Just looking through Gardner’s season, it seems April 13 is probably the date in question. That was the Baltimore game when Stephen Drew hit a grand slam off the bench. Gardner was hit in the right wrist very near a spot where he’d been hit in the opening home stand. He was sent for X-rays, which were negative, but he still missed the next two games. Cockrell might have Tampa in his mind because Tampa was the next stop, and that’s where Gardner returned to the lineup while presumably still getting significant treatment.
“I know that that bothered him off and on the entire year,” Cockrell said.
When I first heard this, I thought it sounded like total baloney. Just a Yankee employee trying to make excuses. However, there was a fascinating wrinkle that I didn’t realize. Players are allowed three cortisone shots per season. Gardner used his last one up at the end of July. So, with that in mind, it suddenly actually sounds kind of believable. Why even run the guy out there, then, though? What the heck? Just put him on the DL!!
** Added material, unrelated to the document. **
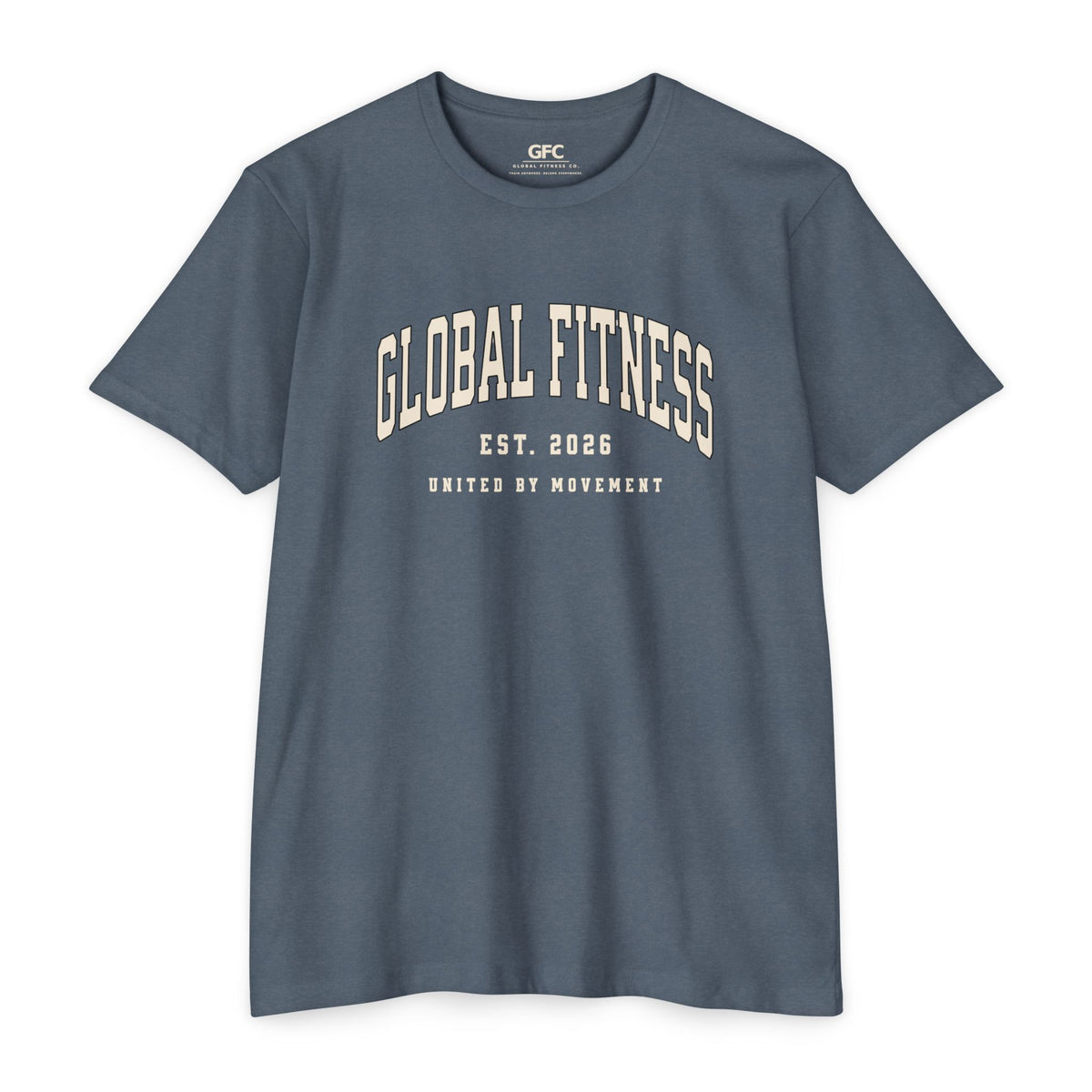 United by Movement Collegiate Tee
The New York Yankees announced seven roster moves on Wednesday, including the news that RHP Andrew Bailey has elected free agency in lieu of accepting an outright assignment to the minors.
The team also sold the contract of RHP Chris Martin to the Hokkaido Nippon-Ham Fighters of the Japanese Pacific League for $750,000, added RHP Vicente Campos to the 40-man roster, and officially reinstated four players - RHP Domingo German, LHP Jacob Lindgren, RHP Chase Whitley and OF Mason Williams - from the 60-day disabled list.
The moves leave the Yankees’ current 40-man roster at 39 players.
Bailey is still not technically a free agent, he’ll just be subject to arbitration now. That would be dependent on the Yankees tendering him a contract, which they are not certain to do.
In other exciting news, the Yankees confirm that Brendan Ryan has exercised his part of a mutual option which would bring him back in 2016. It’s for $1M if the Yankees decline their part of the option, and $2M if they don’t. And if they don’t, they are paying $1M more than they need to be so I’m not exactly sure why they wouldn’t.
At that price tag, Ryan is not a real problem. He’ll either be a backup infielder or he’ll be somewhere else.